I don't think of myself as High Maintenance. In fact, I think I'm pretty self-sufficient. I own my house and SUV. I put myself through Nursing School at a private college 950 miles away from my family. (Okay, that may not be a great feat since I was older when I finally decided what I wanted to be when I grew up, but I still count it since I did it by myself.) I travel all over the country by myself. Well, maybe not all by myself since I have my Chinese Crested in tow, and we've added a Domestic Short Hair rescue kitty. (And since traveling with a dog and a cat is not challenging enough, I have been known to also travel with a plant, or six). While traveling sans human companion, I have dealt with a trip and fall in Vegas, my steering going out in the middle of nowhere, and a tire blowing out in Utah. All occurred during the same trip last year. And I handled it. I am the one my friends come to for advice. I am the one people come to for answers.
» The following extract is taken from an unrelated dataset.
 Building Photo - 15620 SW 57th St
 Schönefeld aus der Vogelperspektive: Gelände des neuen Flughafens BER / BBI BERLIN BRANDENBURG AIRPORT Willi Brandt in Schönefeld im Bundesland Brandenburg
I am the one that gets things done. I am the strong one. I'm not usually the High Maintenance one. I don't like being High Maintenance. But every once in awhile that's where I find myself.
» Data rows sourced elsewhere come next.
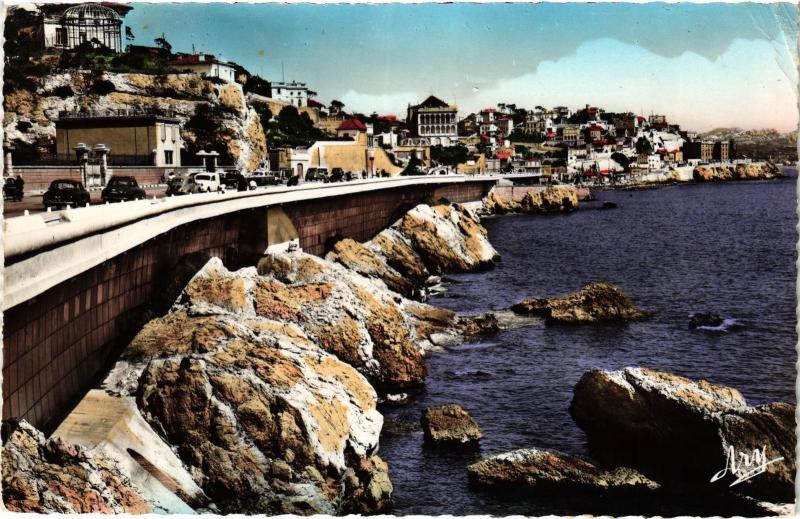 Carte postale ancienne Marseille Nouvelle Promenade de la Corniche à Marseille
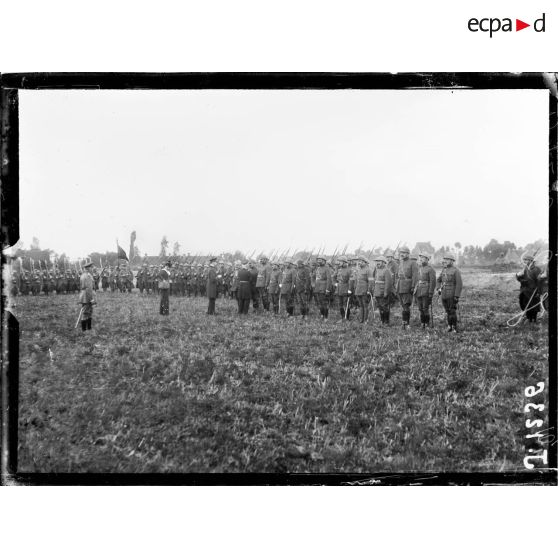 Alveringhem, Belgique, remise de décorations par l'amiral Ronarc'h (ancien commandant des fusiliers marins) à des officiers belges qui prirent part à la défense de l'Yser. [légende d'origine]
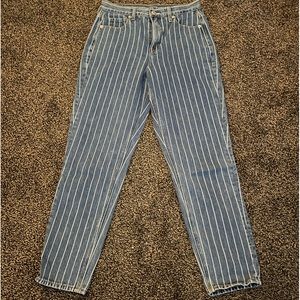 American Eagle High Rise Mom Jeans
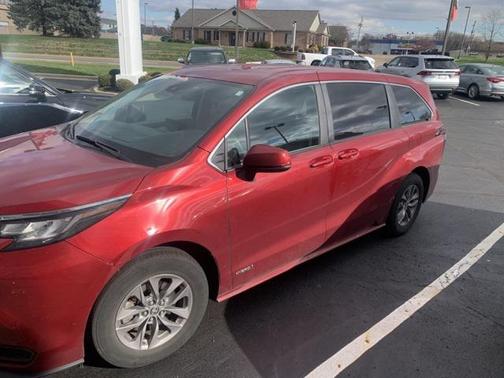 2021 Toyota Sienna LE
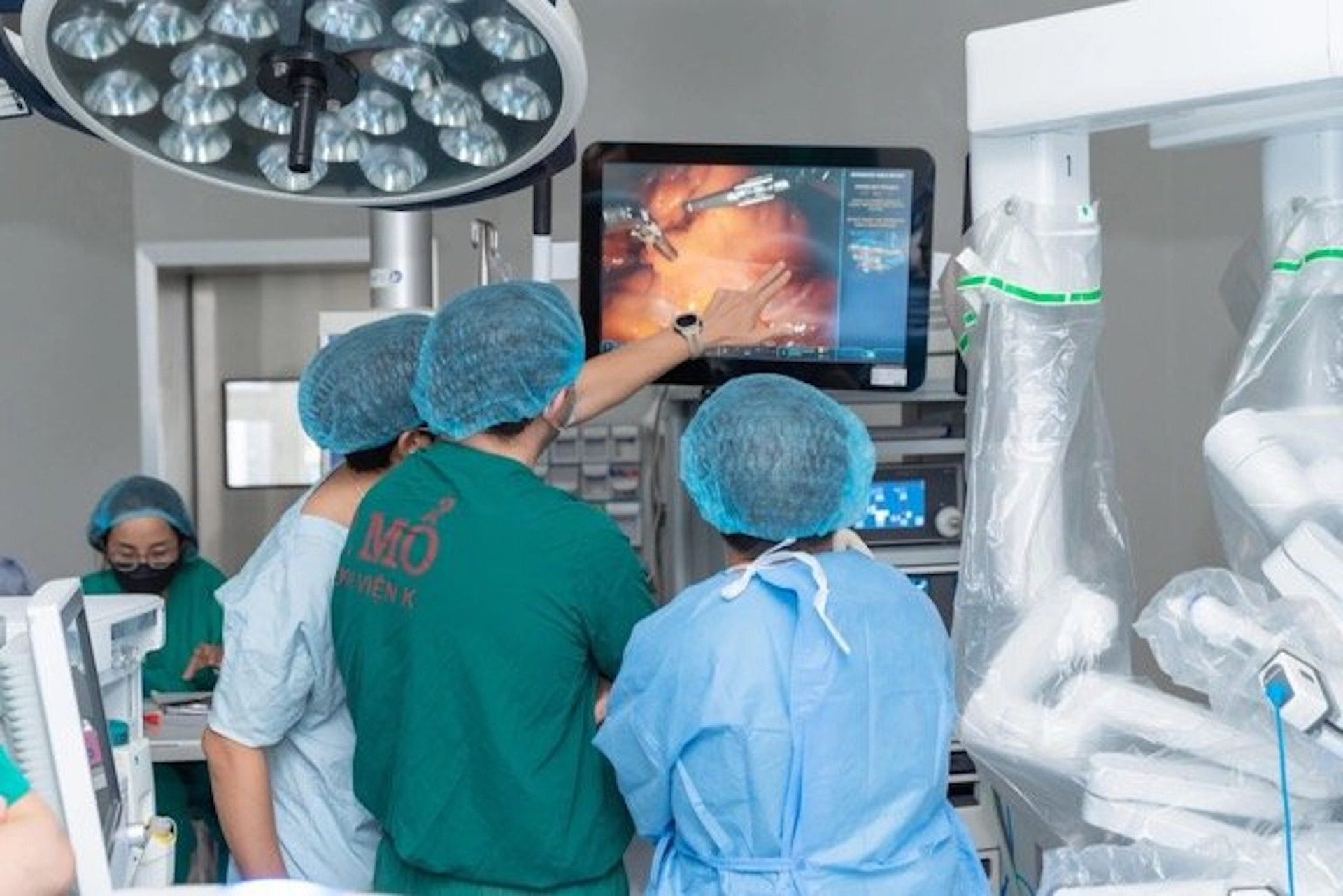 Phẫu thuật nội soi robot cho các trường hợp bị ung thư dạ dày giúp rút ngắn thời gian phục hồi. (Ảnh: BVCC)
So when I finally made a reservation for a cabin in Northern Georgia after several days of phone tag and instant messages, I laughingly told the rental agent that I really wasn’t High Maintenance—just computer challenged.
That I couldn’t find the cabin by the directions they sent, didn’t mean I was High Maintenance—I found the cabin on my own—without resorting to calling them, or asking for assistance from anyone. And no, I did not use GPS—the data was insufficient.
I did feel kind of High Maintenance when, still dressed in my PJs, I locked myself out of the cabin the first morning and had to find a neighbor whose phone I could use. The maintenance increased when I had to call back about some non-functioning items (microwave and kitchen lights), and again, when I couldn’t get logged onto the internet…and yet again, when I couldn’t figure out the gas fireplace. However, in my defense, the previous guests had left the cabin binder with all the cabin information and instructions on the porch, under a drip. When I finally found the binder, the day after I arrived, it was a soggy mess. I don’t think a High Maintenance person would have taken it apart and dried it in front of the fireplace, and then reassemble it—which is what I did.
After I locked myself out of the cabin and made all the calls to the office, I decided I would not call the office again. No matter what. I was going to be the model guest, even if it killed me. Even when the neighbors told me they had seen the Mama Bear and her two cubs romping near the cabin.
I didn’t call when I started hearing noises outside, and found the back porch screened door open—twice. I didn’t call when the phone rang and no one answered, like I was being stalked—four times in two days. I didn’t call when Moggy found the mouse caught in the trap, brought it into the living room, and started to play with it to the large dog bed provided by the cabin owners. I didn’t even call when the water went out late at night—by this time the cabin binder was sufficiently dry for me to separate the pages, and I read the section on whom to call when the water goes out. Since it was late at night and likely not going to be fixed during the night, I waited until the morning to call the guy listed in the binder.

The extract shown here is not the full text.